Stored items
──────────

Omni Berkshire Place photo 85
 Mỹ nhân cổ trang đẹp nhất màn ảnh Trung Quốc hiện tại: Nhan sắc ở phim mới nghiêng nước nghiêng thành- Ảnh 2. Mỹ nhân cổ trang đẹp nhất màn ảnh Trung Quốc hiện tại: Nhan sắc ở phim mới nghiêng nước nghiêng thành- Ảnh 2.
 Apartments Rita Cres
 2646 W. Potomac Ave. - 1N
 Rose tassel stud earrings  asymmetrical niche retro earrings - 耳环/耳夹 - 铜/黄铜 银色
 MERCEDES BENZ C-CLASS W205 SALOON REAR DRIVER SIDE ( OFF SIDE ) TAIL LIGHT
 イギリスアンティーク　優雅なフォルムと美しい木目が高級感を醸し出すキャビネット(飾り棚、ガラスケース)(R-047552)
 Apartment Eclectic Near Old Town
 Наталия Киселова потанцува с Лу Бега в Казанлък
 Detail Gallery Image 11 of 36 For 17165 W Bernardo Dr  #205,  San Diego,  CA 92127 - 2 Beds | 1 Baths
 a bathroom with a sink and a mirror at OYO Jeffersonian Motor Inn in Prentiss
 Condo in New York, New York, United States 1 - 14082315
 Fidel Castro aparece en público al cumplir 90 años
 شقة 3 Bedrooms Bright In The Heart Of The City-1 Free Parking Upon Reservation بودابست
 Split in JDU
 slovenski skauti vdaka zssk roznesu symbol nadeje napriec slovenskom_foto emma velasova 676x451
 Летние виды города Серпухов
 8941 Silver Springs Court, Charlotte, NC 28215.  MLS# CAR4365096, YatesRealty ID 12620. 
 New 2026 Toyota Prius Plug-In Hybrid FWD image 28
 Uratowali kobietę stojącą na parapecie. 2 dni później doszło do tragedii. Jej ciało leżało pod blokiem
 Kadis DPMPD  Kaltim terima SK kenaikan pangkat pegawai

──────────

◆ EXERCISE OBJECTIVE ◆
Starting at the line in the records above that contains "Летние виды города Серпухов", output every line up to and including the last one, with nothing added.

◆ TASK OUTPUT ◆
 Летние виды города Серпухов
 8941 Silver Springs Court, Charlotte, NC 28215.  MLS# CAR4365096, YatesRealty ID 12620. 
 New 2026 Toyota Prius Plug-In Hybrid FWD image 28
 Uratowali kobietę stojącą na parapecie. 2 dni później doszło do tragedii. Jej ciało leżało pod blokiem
 Kadis DPMPD  Kaltim terima SK kenaikan pangkat pegawai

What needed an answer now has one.